Jacobs and cinematographer Sam Levy initially frame the three sublime performances anchoring His Three Daughters in tight, isolated terms. For the first half-hour of the feature, Rachel, Katie, and Christina rarely inhabit the same frame together. They're usually depicted alone center-frame in medium shots. Even if they're engaging in conversations with one another, one sister typically gets showcased on-screen at time. This visual motif’s most intriguing manifestation comes in a shot where Rachel and Katie technically occupy the same frame. In a single take, Katie comes to Rachel’s room, knocks, and the door opens a crack. The camera then tilts down, focusing on Rachel’s face as Katie berates her for smoking weed inside the house.
Rachel’s face and Katie are in the same frame…but not their faces. For this portion of the single-take shot, Katie’s body is only shown from the neck down. Once the door closes and Rachel is out of the shot, Katie’s face returns to the screen. Even in wider shots physically involving both sisters simultaneously, Jacobs emphasizes how these siblings are isolated from one another. Similarly, Vincent is kept largely off-screen, his absence from His Three Daughters quietly reinforcing hos far gone he is mentally. These framing choices, echoing Chinonye Chukwu’s isolation-informed filmmaking in Clemency, nicely accentuate the emotional gulfs between the inhabitants of this cramped apartment.
That’s one of the more intriguing visual details in His Three Daughters, which otherwise opts for standard framing with its dialogue-heavy narrative. Speaking of dialogue, the screenwriting from Jacobs functions best with emotionally jagged phrases.
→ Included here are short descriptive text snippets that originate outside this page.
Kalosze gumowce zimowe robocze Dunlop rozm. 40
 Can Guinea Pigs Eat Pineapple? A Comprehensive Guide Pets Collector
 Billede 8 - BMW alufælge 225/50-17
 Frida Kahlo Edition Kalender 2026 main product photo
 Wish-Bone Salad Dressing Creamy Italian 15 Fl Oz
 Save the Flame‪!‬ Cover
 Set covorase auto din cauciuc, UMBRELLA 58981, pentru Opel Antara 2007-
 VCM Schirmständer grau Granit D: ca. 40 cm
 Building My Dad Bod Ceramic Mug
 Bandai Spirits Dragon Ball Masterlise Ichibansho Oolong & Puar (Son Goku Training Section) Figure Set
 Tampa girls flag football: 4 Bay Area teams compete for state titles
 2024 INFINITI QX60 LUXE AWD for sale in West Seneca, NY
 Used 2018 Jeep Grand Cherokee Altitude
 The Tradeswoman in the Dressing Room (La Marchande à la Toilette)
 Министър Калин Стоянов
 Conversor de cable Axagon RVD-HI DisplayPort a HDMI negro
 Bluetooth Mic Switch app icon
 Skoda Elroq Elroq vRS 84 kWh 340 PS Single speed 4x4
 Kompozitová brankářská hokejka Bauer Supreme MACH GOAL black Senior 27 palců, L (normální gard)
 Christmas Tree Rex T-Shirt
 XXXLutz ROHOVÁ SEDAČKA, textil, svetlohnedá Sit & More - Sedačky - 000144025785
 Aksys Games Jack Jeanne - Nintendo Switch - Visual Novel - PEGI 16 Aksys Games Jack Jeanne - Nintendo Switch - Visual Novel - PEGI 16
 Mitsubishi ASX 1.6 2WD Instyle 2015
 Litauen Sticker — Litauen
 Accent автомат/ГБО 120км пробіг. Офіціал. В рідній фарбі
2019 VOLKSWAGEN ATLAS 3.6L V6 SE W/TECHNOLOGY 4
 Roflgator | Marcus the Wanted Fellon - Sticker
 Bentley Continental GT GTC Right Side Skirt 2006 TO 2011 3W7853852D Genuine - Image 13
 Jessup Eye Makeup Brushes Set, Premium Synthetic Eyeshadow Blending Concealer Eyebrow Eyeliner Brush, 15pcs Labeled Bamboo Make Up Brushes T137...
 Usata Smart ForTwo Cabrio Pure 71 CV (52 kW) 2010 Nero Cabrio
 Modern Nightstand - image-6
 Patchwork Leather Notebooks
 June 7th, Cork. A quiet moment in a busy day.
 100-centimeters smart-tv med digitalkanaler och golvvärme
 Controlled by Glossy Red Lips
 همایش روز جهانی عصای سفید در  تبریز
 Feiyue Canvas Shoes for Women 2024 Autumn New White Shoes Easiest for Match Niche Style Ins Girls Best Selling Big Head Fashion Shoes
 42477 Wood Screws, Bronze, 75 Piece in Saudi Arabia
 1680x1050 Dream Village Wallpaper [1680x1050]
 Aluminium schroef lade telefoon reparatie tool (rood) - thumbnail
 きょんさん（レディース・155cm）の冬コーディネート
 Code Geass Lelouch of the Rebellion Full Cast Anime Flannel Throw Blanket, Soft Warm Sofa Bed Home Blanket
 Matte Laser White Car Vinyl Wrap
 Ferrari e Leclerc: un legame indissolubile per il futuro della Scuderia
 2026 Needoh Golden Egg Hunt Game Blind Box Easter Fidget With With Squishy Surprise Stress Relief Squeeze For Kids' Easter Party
Katie and Rachel’s messiest interactions, for instance, really soar in depicting an authentically troubled sibling dynamic. Other more didactic pieces of dialogue feel incongruous to the rest of the proceedings. Jovan Adepo’s supporting character Benjy especially suffers from these problems. Even an actor as skilled as Adepo can’t make some of his character’s frank phrasing click into place.
Thankfully, the big emotional points in the His Three Daughters script are handled with delicate care. This includes a mesmerizingly bittersweet finale that, on paper, should be a syrupy mess. In execution, it's tremendously moving. Most importantly, His Three Daughters let us all revel in the prowess of Coon, Lyonne, and Olsen as actors. If there’s any reason you must see His Three Daughters ASAP, it’s to bask in their greatness. That or you’re an Azazel Jacobs die-hard fan eager to see him regain his creative footing after his 2021 misfire French Exit.